# [Work request]
Word for word, copy the records and drop the pictures.

# [Extracted records]

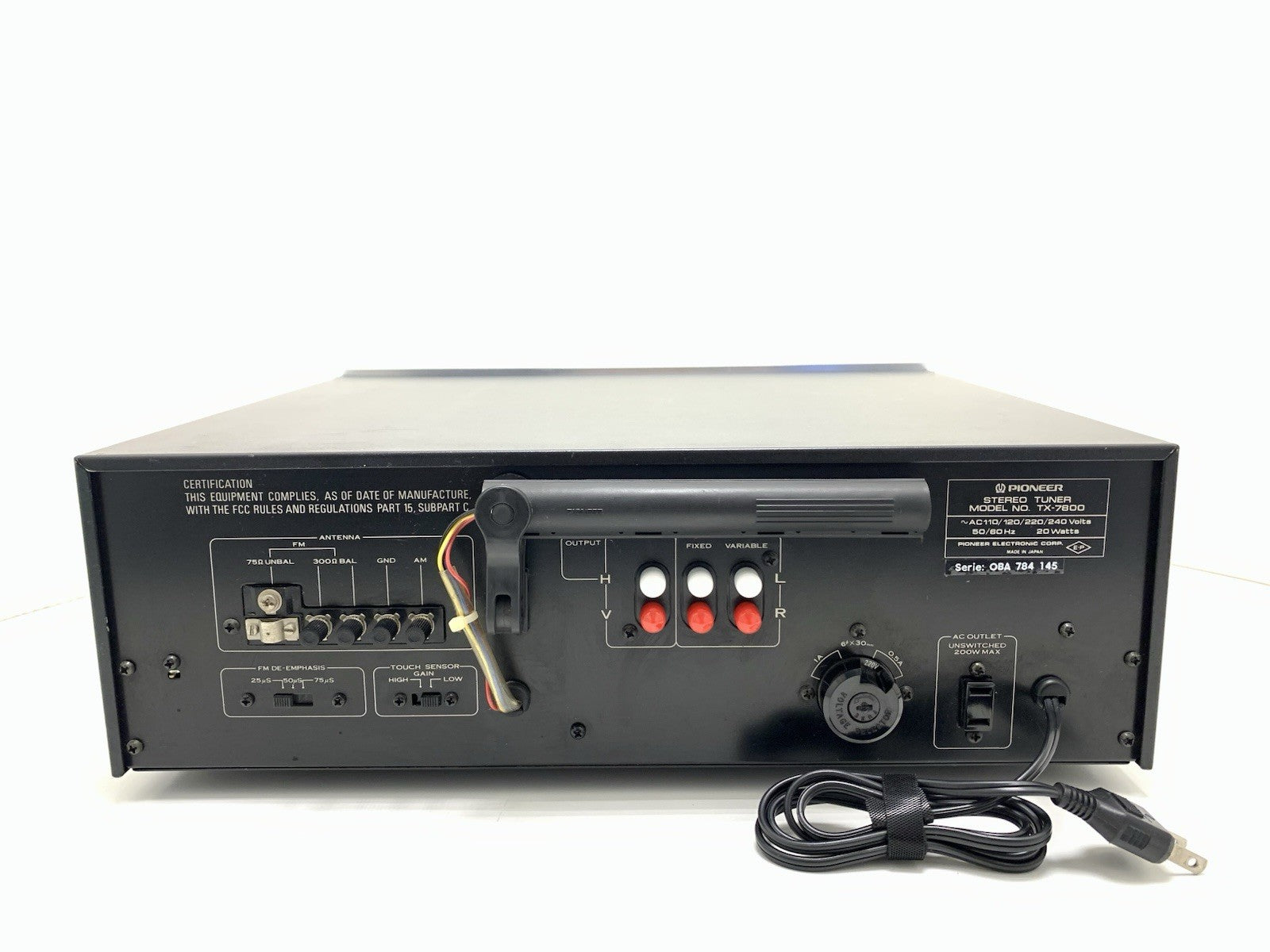 PIONEER TX 7800 AM/FM Stereo Analogue Tuner Vintage 1979 Blue Line WORK GoodLook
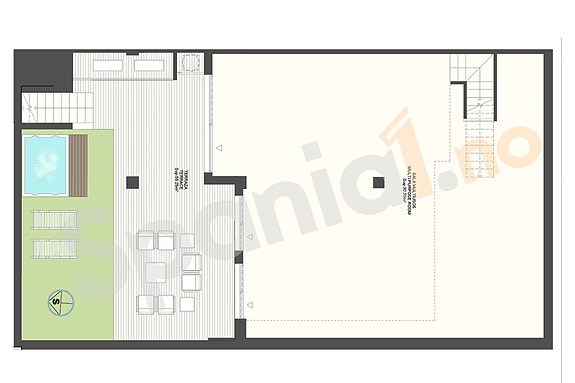 Plantegning duplex leilighet med 2 soverom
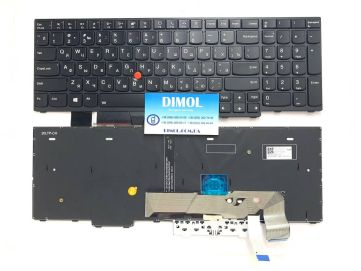 Оригинальная клавиатура для Lenovo ThinkPad L15 gen 2 rus, black, подсветка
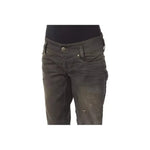 BYBLOS Black Cotton Women's Regular Jeans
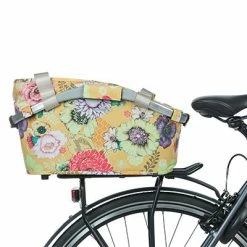 Panier Vélo Arrière Bloom Field 22L Jaune Fleuri Carry All Basil -Accessoires De Vélo Soldes panier velo arriere bloom field 22l jaune fleuri carry all basil full 5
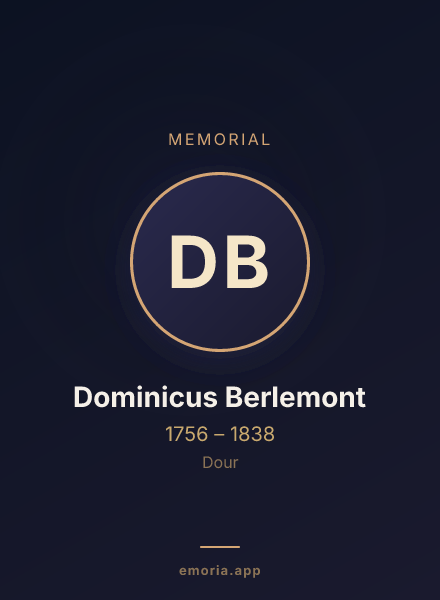 Memorial portrait of Dominicus Berlemont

# [The answer]
 PIONEER TX 7800 AM/FM Stereo Analogue Tuner Vintage 1979 Blue Line WORK GoodLook
 Plantegning duplex leilighet med 2 soverom
 Оригинальная клавиатура для Lenovo ThinkPad L15 gen 2 rus, black, подсветка
 BYBLOS Black Cotton Women's Regular Jeans
 Panier Vélo Arrière Bloom Field 22L Jaune Fleuri Carry All Basil -Accessoires De Vélo Soldes panier velo arriere bloom field 22l jaune fleuri carry all basil full 5
 Memorial portrait of Dominicus Berlemont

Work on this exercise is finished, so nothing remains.